Sub-Seasonal to Seasonal Reservoir Storage Forecasting Using an Attention-Based Temporal Fusion Transformer

Reservoirs play a vital role in water resources management by supporting irrigation, hydropower generation, urban water supply, flood mitigation, drought preparedness, and food security, particularly in monsoon-dominated regions. However, accurate forecasting of reservoir storage remains challenging due to the combined influences of climate variability and anthropogenic regulation, which limit the reliability of traditional hydrological and statistical models. In this study, we systematically evaluate four deep learning approaches Long Short-Term Memory (LSTM), Gated Recurrent Unit (GRU), Convolutional LSTM (CNN–LSTM), and the Temporal Fusion Transformer (TFT) for reservoir storage prediction across 79 major reservoirs in India.

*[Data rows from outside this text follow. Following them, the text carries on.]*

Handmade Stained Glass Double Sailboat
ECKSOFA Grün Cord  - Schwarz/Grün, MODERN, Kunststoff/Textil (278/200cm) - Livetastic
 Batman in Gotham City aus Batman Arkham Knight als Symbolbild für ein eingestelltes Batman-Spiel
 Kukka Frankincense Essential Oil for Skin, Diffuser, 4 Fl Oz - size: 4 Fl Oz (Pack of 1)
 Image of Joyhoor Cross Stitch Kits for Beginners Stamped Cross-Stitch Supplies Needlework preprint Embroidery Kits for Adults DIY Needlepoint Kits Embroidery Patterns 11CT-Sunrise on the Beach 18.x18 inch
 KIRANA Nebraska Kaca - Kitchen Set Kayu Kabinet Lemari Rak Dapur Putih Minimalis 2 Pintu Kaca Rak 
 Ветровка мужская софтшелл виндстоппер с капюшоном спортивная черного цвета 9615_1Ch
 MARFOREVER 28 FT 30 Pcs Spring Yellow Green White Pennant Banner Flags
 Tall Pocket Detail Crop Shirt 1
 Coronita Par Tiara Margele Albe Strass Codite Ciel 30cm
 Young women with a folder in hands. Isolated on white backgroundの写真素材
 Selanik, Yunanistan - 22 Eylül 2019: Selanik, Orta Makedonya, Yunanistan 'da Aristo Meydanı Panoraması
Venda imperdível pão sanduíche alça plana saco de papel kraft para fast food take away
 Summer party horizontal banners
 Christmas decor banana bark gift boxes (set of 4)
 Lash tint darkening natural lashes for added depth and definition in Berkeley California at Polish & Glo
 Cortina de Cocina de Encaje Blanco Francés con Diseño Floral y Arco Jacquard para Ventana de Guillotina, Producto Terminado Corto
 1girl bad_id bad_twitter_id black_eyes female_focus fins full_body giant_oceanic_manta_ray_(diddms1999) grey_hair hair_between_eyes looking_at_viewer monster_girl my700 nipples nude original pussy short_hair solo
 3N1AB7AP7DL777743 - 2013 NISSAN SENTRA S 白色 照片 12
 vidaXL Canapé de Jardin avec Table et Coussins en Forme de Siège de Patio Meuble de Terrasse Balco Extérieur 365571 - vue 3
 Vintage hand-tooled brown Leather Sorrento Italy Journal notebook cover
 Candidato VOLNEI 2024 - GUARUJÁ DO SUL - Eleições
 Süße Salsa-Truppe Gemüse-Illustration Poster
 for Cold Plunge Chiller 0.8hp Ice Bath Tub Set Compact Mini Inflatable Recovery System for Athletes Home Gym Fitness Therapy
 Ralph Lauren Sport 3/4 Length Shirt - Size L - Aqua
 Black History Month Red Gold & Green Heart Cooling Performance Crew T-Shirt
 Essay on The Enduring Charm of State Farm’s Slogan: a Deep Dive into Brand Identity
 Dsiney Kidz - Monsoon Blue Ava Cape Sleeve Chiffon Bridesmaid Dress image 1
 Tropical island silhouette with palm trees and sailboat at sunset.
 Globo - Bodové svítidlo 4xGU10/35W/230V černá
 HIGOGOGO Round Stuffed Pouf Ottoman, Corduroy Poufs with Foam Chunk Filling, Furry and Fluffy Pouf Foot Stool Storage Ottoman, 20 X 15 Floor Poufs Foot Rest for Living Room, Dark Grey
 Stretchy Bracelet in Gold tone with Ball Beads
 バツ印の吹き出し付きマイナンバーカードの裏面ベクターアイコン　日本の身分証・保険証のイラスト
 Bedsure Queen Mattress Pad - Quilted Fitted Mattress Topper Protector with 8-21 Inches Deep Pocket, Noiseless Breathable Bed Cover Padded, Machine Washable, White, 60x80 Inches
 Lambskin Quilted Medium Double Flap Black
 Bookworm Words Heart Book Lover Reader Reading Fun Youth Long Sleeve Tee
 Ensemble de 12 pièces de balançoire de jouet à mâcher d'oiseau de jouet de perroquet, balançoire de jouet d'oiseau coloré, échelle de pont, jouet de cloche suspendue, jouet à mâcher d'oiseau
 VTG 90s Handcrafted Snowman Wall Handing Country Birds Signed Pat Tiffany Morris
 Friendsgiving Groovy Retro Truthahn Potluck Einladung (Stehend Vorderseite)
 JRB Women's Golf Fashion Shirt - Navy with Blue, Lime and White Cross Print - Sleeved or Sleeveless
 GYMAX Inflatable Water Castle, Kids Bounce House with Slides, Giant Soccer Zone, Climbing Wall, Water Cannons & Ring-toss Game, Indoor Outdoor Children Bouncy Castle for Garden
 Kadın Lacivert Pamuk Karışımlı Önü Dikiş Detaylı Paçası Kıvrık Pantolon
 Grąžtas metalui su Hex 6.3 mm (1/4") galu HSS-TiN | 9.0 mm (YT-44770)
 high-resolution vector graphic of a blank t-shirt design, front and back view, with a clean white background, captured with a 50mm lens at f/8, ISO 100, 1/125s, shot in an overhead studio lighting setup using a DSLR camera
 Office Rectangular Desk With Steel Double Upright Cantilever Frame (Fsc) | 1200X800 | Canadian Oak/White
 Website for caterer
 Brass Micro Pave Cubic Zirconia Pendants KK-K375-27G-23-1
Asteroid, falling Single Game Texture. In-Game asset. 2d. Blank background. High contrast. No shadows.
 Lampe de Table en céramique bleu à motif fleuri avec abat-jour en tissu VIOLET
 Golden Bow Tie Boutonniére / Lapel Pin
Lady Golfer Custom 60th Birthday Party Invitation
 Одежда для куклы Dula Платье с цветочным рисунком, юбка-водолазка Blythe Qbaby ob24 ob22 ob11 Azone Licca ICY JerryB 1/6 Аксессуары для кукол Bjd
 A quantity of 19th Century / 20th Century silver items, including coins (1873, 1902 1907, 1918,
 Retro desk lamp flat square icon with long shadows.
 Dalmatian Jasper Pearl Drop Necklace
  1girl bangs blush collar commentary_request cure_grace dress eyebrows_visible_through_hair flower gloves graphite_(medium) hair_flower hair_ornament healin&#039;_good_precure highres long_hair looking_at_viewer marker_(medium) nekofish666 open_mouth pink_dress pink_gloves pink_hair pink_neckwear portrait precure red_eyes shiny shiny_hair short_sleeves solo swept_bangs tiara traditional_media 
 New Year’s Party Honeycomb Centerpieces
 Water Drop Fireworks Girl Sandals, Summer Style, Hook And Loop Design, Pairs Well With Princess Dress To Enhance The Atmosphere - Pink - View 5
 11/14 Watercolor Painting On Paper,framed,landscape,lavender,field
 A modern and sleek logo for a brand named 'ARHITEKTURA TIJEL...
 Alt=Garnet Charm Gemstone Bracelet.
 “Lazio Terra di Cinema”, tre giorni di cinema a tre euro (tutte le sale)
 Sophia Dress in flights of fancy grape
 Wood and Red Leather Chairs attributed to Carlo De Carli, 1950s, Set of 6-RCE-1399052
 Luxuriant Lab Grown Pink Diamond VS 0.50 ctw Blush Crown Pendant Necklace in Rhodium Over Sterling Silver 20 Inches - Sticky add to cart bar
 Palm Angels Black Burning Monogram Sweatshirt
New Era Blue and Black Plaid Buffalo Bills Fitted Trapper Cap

The models are trained using multivariate inputs that comprise historical storage, precipitation, and temperature data spanning the years 2000–2023. Our results demonstrate that the TFT consistently outperforms the recurrent and convolutional baselines, achieving testing coefficient of determination (R²) values exceeding 0.95 across most reservoirs and reducing prediction errors by approximately 20–30% relative to LSTM- and GRU-based models. Building on this superior performance, we conduct sub-seasonal to seasonal forecasts with lead times of up to three months. The TFT exhibits strong drought detection capability, with Probability of Detection values exceeding 0.8 for 1–3-month lead times. Furthermore, purely data-driven TFT forecasts outperform simulations that incorporate external precipitation and temperature forecasts from the Climate Forecast System Version 2 (CFSv2), highlighting the robustness of the learned temporal representations. Overall, this study demonstrates the potential of transformer-based deep learning models to enhance reservoir storage forecasting and early warning capabilities, offering a promising pathway for improving adaptive reservoir operations and water resources management under hydroclimatic variability.